So How Important Are First Inning Runs?
The Braves outstanding 1st inning performances lately made me think: is there some value to a first inning run that is different from other runs? So let’s look at the raw data from 2001-2022:
First, as the graphic at the top shows,teams almost always score more runs in the first inning than any other inning. This is unsurprising. If it weren’t true, you ought to question whomever made the batting order. So if you don’t score in the first inning, you have a 56% chance of losing the game. Every team that scores in the first inning, all things equal, has a greater than 50% chance of winning. And every extra run increases your chances of winning. (There is a small random reversal, since once a team scored 10 times in the first inning and lost. That was this game. That cannot have been fun for the 12,671 fans who had to watch it.)
But that doesn’t mean that first inning runs are either more important or less important than any other runs. We can simply look at all runs. Did they come in a win or a loss? As it turns out (and as you might have expected) first inning runs are almost exactly as valuable as runs in innings 3-8. When you think about it, the average value of 1/3 of a win per run makes sense in a world in which it takes about 6 runs to win an average game.) Second inning runs are slightly more valuable, since they are either runs scored with the bottom of the order, or with the top of the order when you’ve already had a good inning. Ninth inning runs are less valuable, because most of the runs in the bottom of the ninth occur in losses. Runs in extra innings are much more valuable. (They are somewhat less valuable since 2020, since the first run in every extra inning is now easier to get and therefore contributes less to winning than it used to.)
Now the Braves are scoring a lot of runs, so they’re getting a lot of wins, but those first inning runs, just like in the general data, don’t appear to be any more valuable. The most striking thing about the Braves record this year is that they have won 60% of their games in which they don’t score in the first inning. That’s a phenomenal rate considering that it’s like giving the other team a free half-inning. In fact, the Braves are slightly underperforming in their first inning results, since they’ve lost two games (out of 6) in which they scored 4 first inning runs and one game (out of two) in which they scored five runs in the first inning.
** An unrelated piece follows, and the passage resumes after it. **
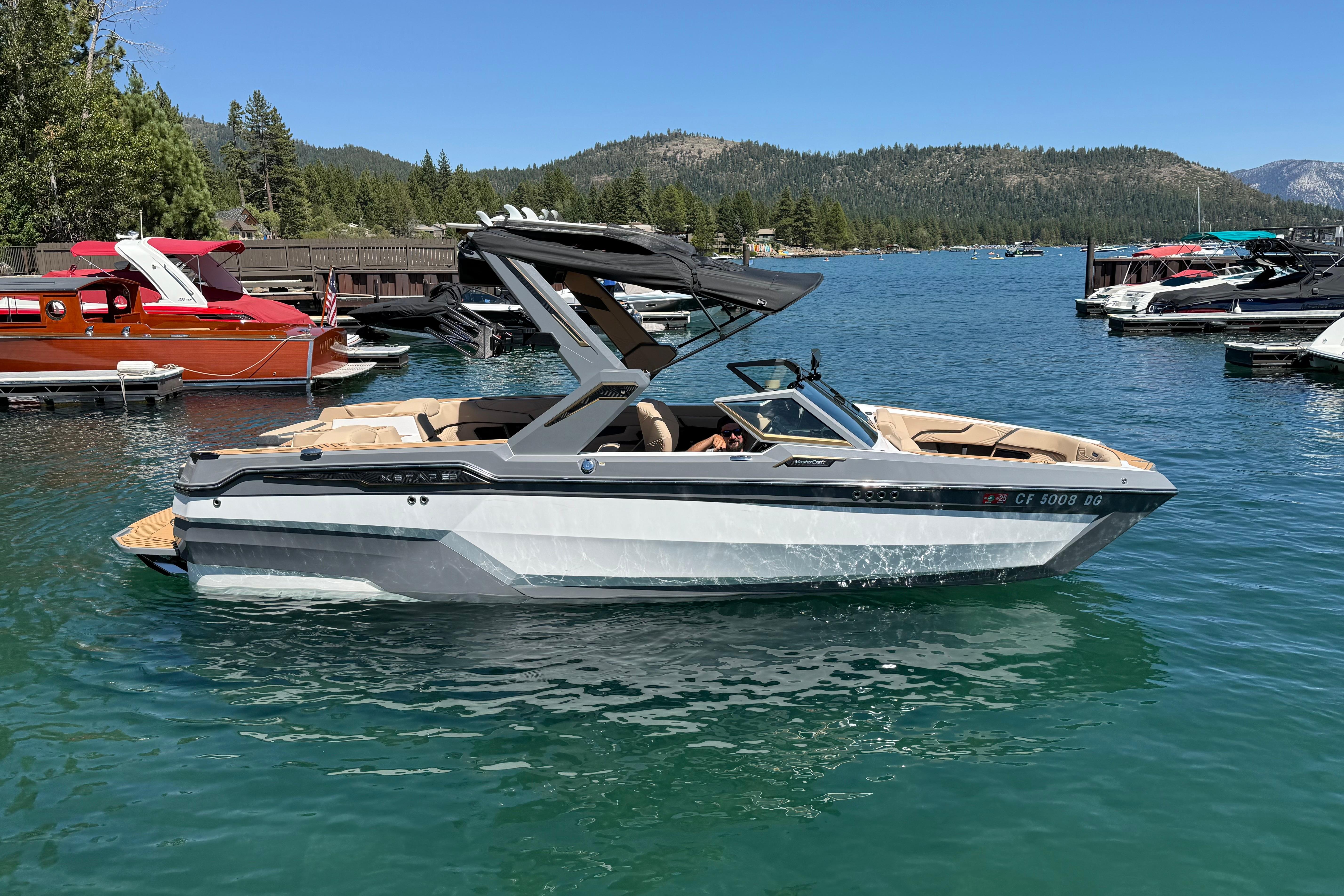 2025 MasterCraft XStar 23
There could be a dynamic effect of first inning runs in that they shorten the expected stint of the opponent’s starter and therefore force the use of more bullpen pitchers, but a half-season of data isn’t enough to figure out whether that’s happening or not.
Ah, for those years when the Braves just sent their catcher as a backup for one at bat and maybe an inning played. Bliss.
Ego Vigilo Custodes
The Latin phrase Quis custodiet ipsos custodes? translates to Who will the guard the Guardians? Well, if the Guardians were a basketball or soccer team, they’d be guarded by the players on the other team. But they’re not. They’re a baseball team in Cleveland. So this recap is actually an example of Ego Vigilo Custodes — I Watch the Guardians.
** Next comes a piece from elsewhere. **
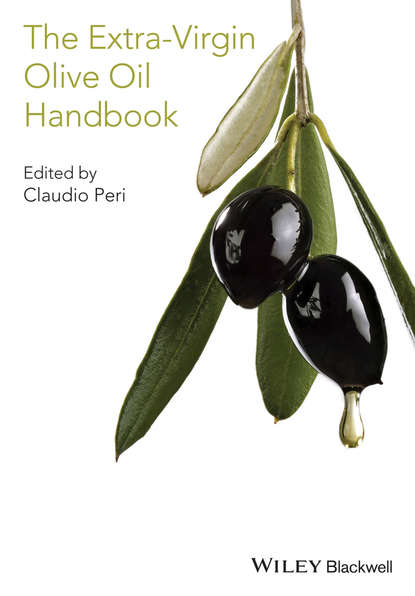 The Extra-Virgin Olive Oil Handbook — Группа авторов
I was in Cleveland once for a wedding about 35 years ago. We had a great time and the couple is still married. I can recommend the Tick Tock Tavern…. unless it’s made any changes in the last 35 years. Then you’re on your own.
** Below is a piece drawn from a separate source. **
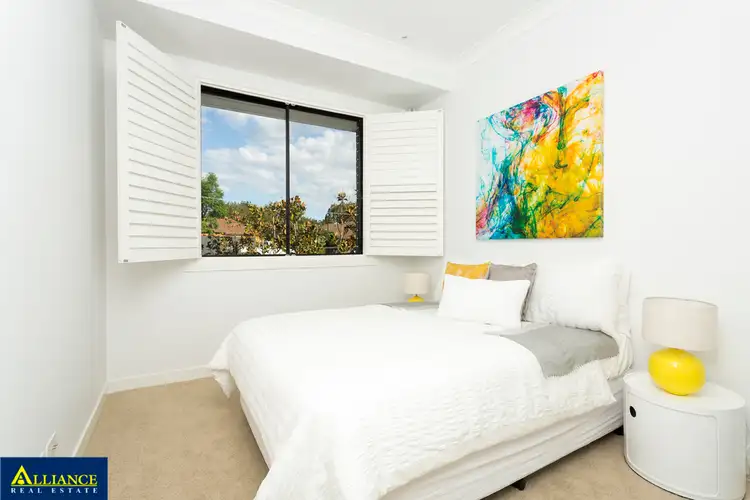 Fifth view of Homely townhouse listing, 1/5-7 Monie Avenue, East Hills NSW 2213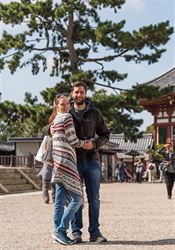 Milovníci žigulíků i útlá dívka. Příběhy cestovatelů, kteří vystoupí na festivalu Overland Japonsko nás chytlo za srdce a už nepustilo. Tradiční architektura obklopená... | na serveru Lidovky.cz | aktuální zprávy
So last week I reminisced about Minnesota and 1991. It is much more pleasant to bask in 1995 and the Cleveland Proto-Guardians. As Tolstoy opened Anna Karenina — “All happy families are alike, but each unhappy family is unhappy in its own way.” Such to me are baseball seasons: all years you win the World Series are alike but the ways you lose them are unique. Hating Kent Hrbek and Kirby Puckett and Jack Morris for what they did to the Braves brings abck memory after memory. The ~500 OPSing performances of Eddie Murray, Sandy Alomar, Omar Vizquel, Kenny Lofton and Carlos Baerga combine in warm miasma of futility. They combined for 108 AB and 19 hits, and just 7 for extra bases. All 5 were good players, and they all had negative WPA in that Series.
The Braves didn’t score in the first, but neither did Cleveland. Same in the second inning. The third found two runs on a Michael Harris II homer (I told you he was back) and a Ronald Acuna jr. – Ozzie Albies paso doble. (Ronald did one of those things where he tweaked his shoulder and acted as if his arm had been amputated. I love you Ronald, but this has to stop.) Ozuna followed up with a homer in the next inning. Harris’ second homer in the fifth made it 4-0. Someone said it last week, but it is no accident that Harris’ second gear coincides with Atlanta’s recent success.
Bryce Elder and his magical mirror act went 6 2/3, chased by a two run single from Amed Rosario. A.J. Minter closed out the 7th and pitched 2 outs in the 8th before being relieved by Nick Anderson with the tying runs on base. He retired Myles Straw, taking us to the 9th.
Raisel Iglesias pitched the 9th: 1-2-3. 9 in a row. Baseball is not this easy. Even recapping isn’t this easy, but it’s pretty easy in these circumstances. Two more games in the series. Then maybe we’ll face them again in the World Series.